■ **Data extract**

╭──

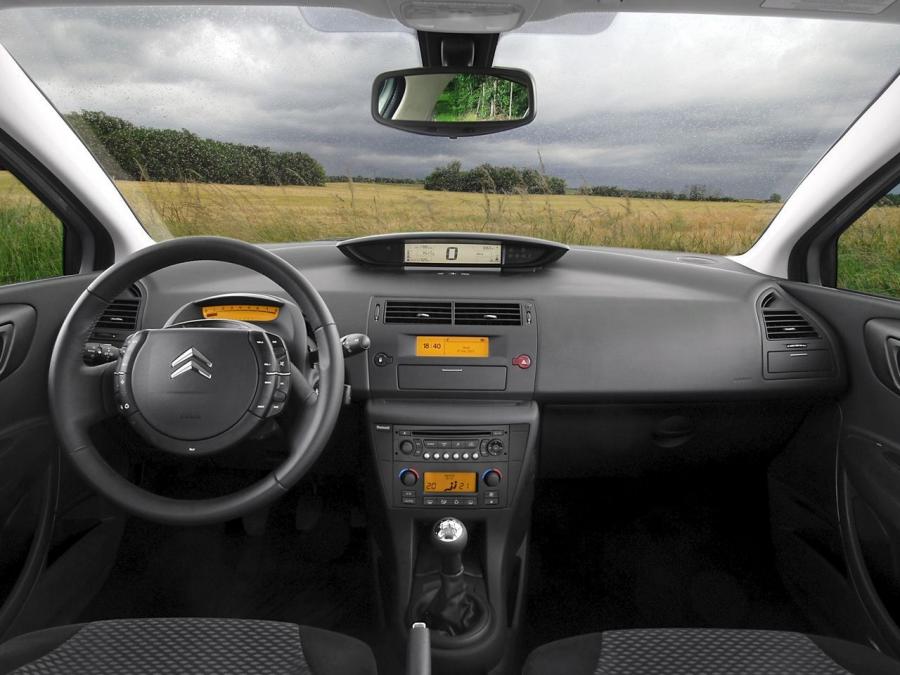  Citroen C4 BioFlex 2004 года  (фото 4 из 9)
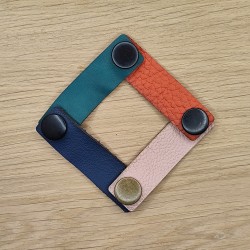 Attache en cuir pour nœud papillon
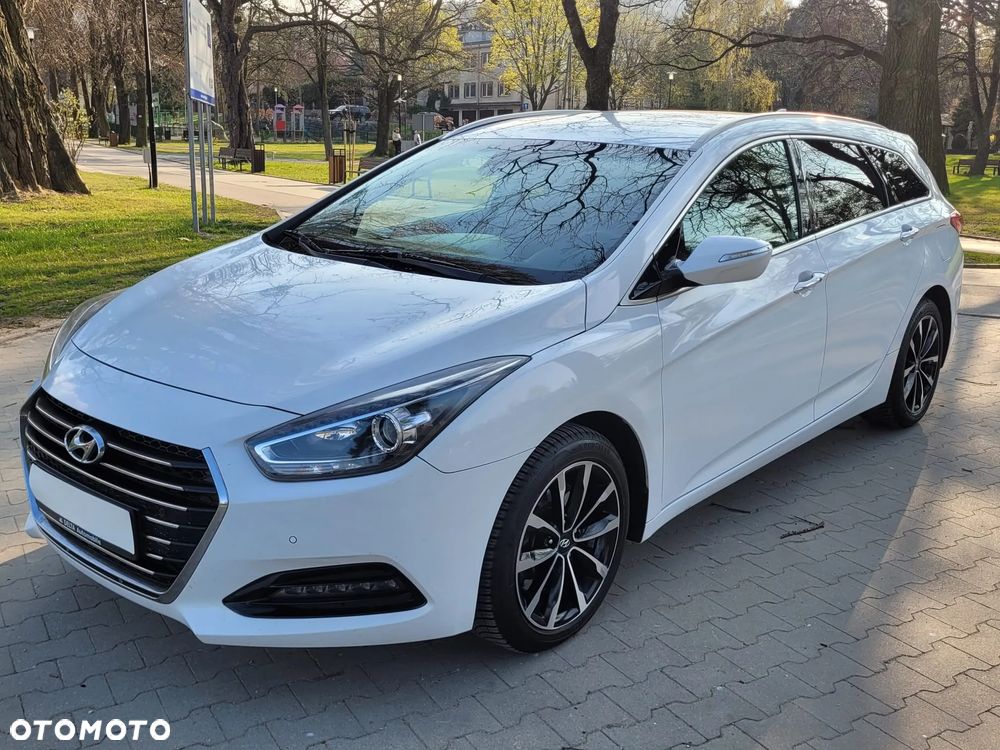Hyundai i40 Kombi blue 1.7 CRDi DCT Premium - 2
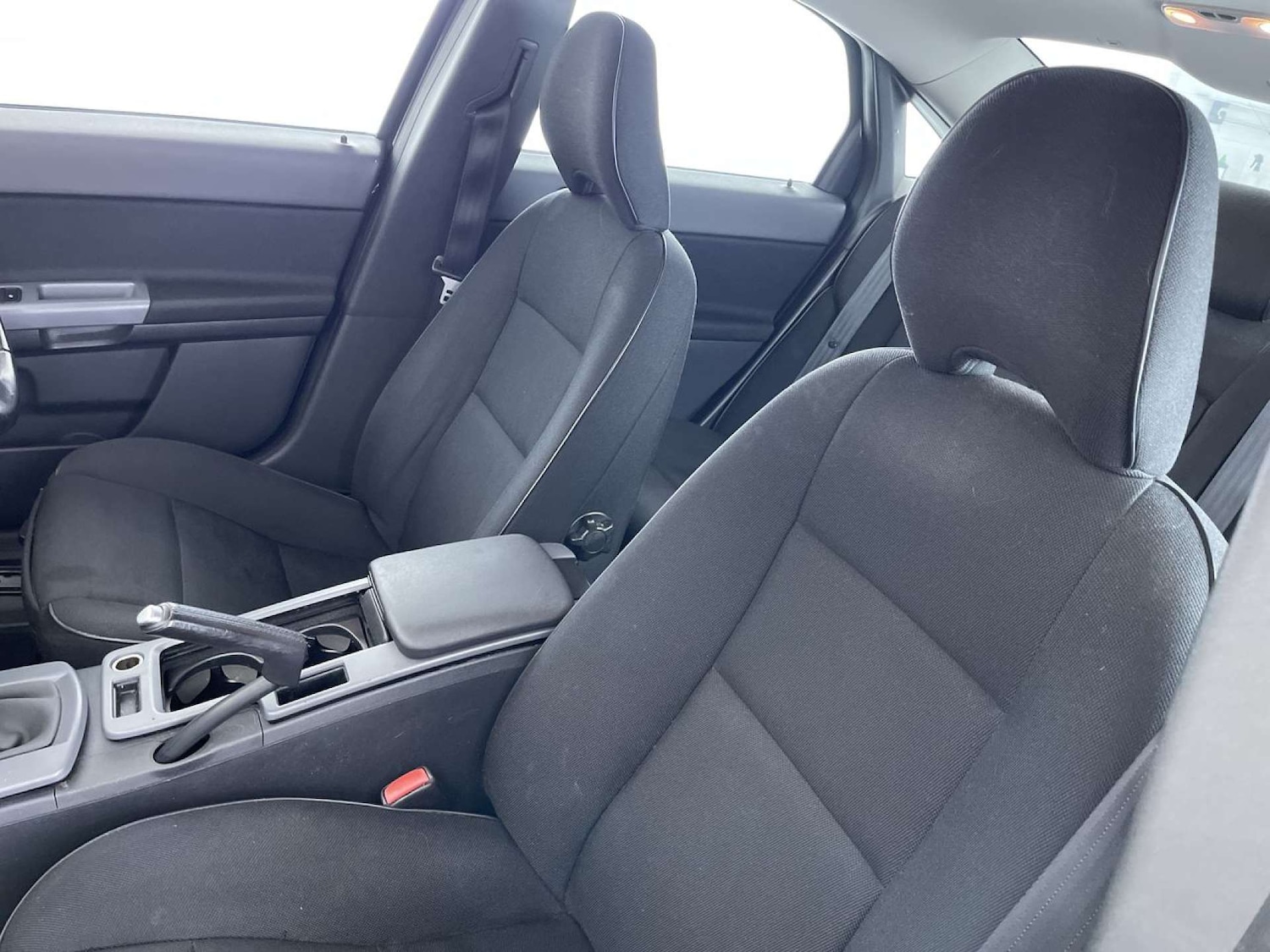 Used Volvo S40 2010 for sale - 76412603: Photo 31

╰──

■ **How to complete this task**
Extract, word for word, every line from the one containing "Hyundai i40 Kombi" to the end of the data above, both ends included, and leave out the pictures.

■ **Response**
Hyundai i40 Kombi blue 1.7 CRDi DCT Premium - 2
 Used Volvo S40 2010 for sale - 76412603: Photo 31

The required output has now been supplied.